Published on 5th February 2024
Although European economies and labour markets have so far been resilient, the current context of multiple and permanent crisis is casting a dark shadow on the months to come. To shed some light and help EU stakeholders navigate this pivotal year, the World Employment Confederation brought together experts to discuss how we can help pave the way for effective policies that will deliver the EU’s 2030 social targets and create labour markets that genuinely work for everyone.
Starting off by setting the scene of what is currently happening across Europe, Eleonora Vasquez, reporter at EurActiv, one of the major online news outlets on European affairs, recalled that European elections are first and foremost national elections. Citizens may be called to the polls across the continent, but they are ultimately voting in their own country for their national politicians. Therefore, the votes are very much influenced by the national narratives, especially on sensitive issues like migration or the handling of the conflict between Ukraine and Russia.
The overall trend is clearly one of fear, agreed Sonja van Lieshout, President of the World Employment Confederation- Europe, which, through a need to feel safe, triggers strong calls for increased security. Looking at labour markets, this translates into restrictions on labour mobility and migration, hinderinga solution that is essential in times of labour shortages. In its Manifesto “The Europe We Want ” setting out the HR services industry’s vision for the European political agenda in 2024-2029, the World Employment Confederation-Europe calls for ensuring fair labour mobility, the posting of workers, and demand-driven legal migration to urgently address skills and labour shortages in Europe.
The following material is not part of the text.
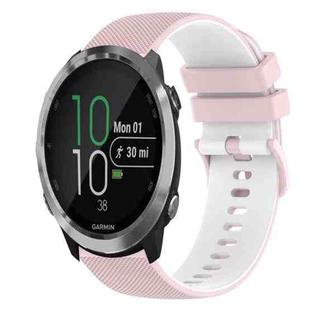 For Garmin Forerunner 645 Music 20mm Checkered Two-Color Silicone Watch Band(Pink+White)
That’s precisely where European integration should make a difference, Vasquez reflected. European citizens would benefit from a more unified response to major societal issues. In the area of labour shortages, the recent EU Talent Pool Initiative is a good example of Europe taking proactive steps to address labour migration. As van Lieshout stressed, we need more of such “coalitions of the willing” in order to achieve the Europe that we want, one that fosters sustainable economic growth and allows innovation.
As the discussion during the WEConversations made clear, innovation is desperately required in labour markets. Recalling that most of the legislation has not been updated in five decades, the WEC-Europe President stressed that some modernisation of the regulatory framework is needed for European labour markets to become future proof. Areas to focus on include allowing diverse forms of work, but also improving social protection systems.
In this area, the HR services industry has great success stories to share. Van Lieshout mentioned the example of bipartite training funds as an innovative practice from social partners, working together for the benefit of workers. The European Union can certainly help promoting this type of initiatives.
And the potential goes beyond Europe. As Vasquez stressed, the European Union is very much considered a leader in regulation. Its legislation often has ripple effects in other jurisdictions resulting in a clear global benefit in pushing for better employment and social policies in Europe. One caveat is, she pointed, that the European Union often has only limited competences in policies such as employment, education or social affairs.
The next five years will actually be very transformative in Europe, van Lieshout concluded. A lot of files on the table have been there for a long time, and now require some sort of a solution. The HR services industry has outlined some in its Manifesto for the European political agenda of 2024-2029 and stands ready to work in partnership with public employment services, social partners, and policymakers at both European and national levels, to make it a reality.